» **Exercise**: Starting from the line that holds "Women's Teal Turtleneck", output exactly each line through the end of the listing. Do not copy pictures.

╭─ Data segment

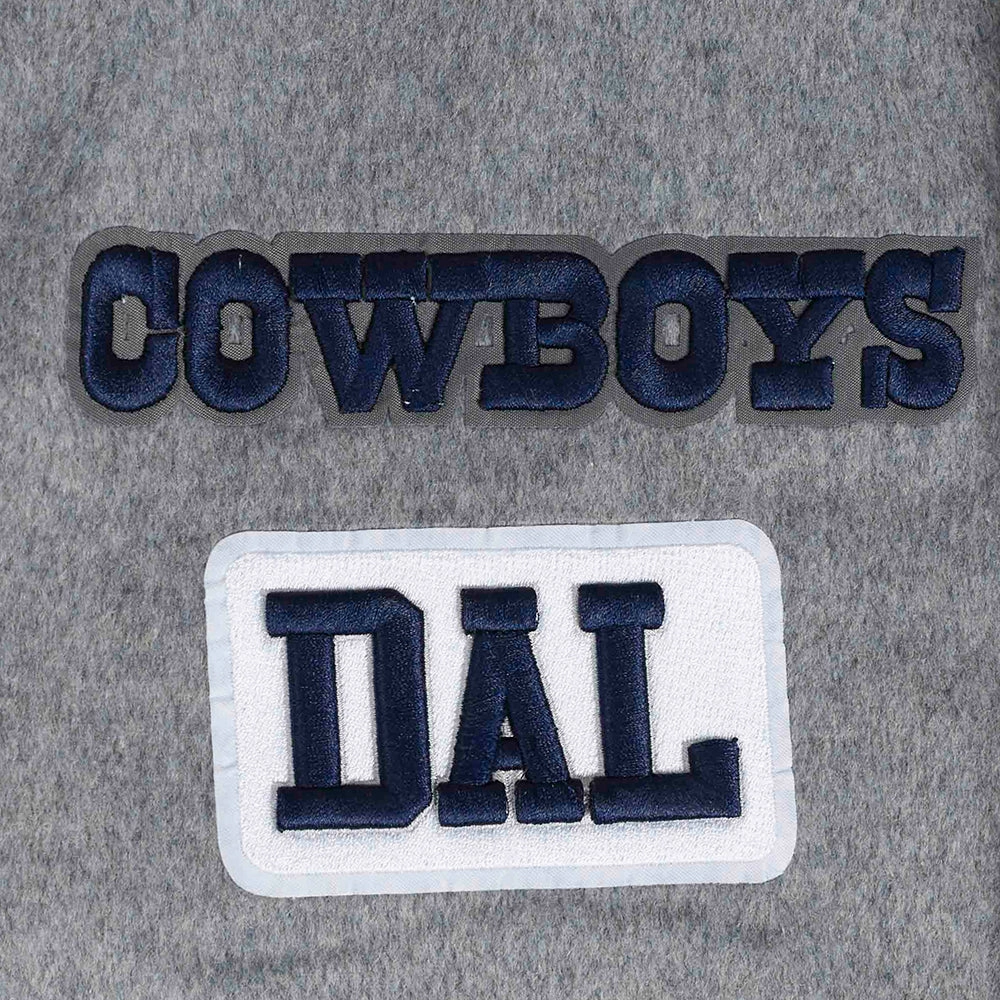 NFL DALLAS COWBOYS AREA CODE MEN'S RIB WOOL VARSITY JACKET (HEATHER GREY/WHITE/MIDNIGHT NAVY)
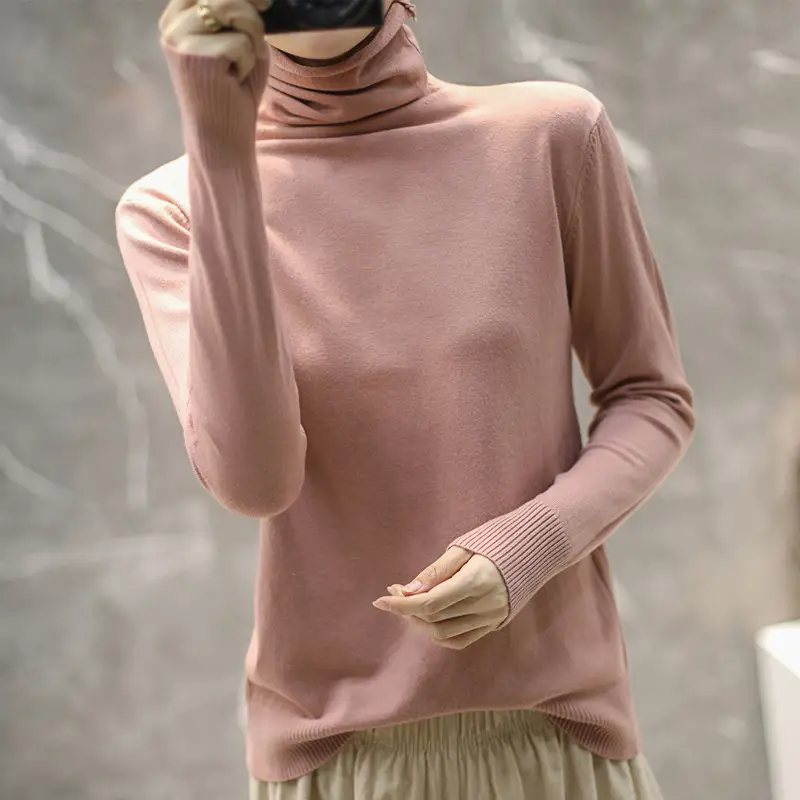 Women's Teal Turtleneck Knit Pullover 2025 Winter - Image 16
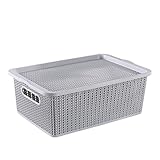 ravpumpストレージケース実用的模造Rattan hollowed-out服ストレージボックス家庭用Toy Organizer Bin with Lid M グレー S1014116Z9OF546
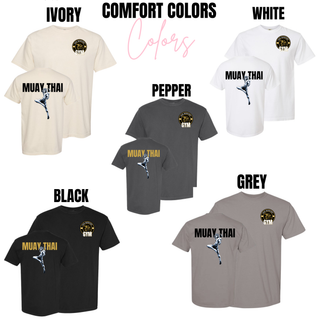 Iron Warriors Gym Muay Thai Comfort Colors tee, long sleeve, crewneck and hoodie in ivory, white, pepper, grey and black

╰─

» **Task result**:
 Women's Teal Turtleneck Knit Pullover 2025 Winter - Image 16
 ravpumpストレージケース実用的模造Rattan hollowed-out服ストレージボックス家庭用Toy Organizer Bin with Lid M グレー S1014116Z9OF546
 Iron Warriors Gym Muay Thai Comfort Colors tee, long sleeve, crewneck and hoodie in ivory, white, pepper, grey and black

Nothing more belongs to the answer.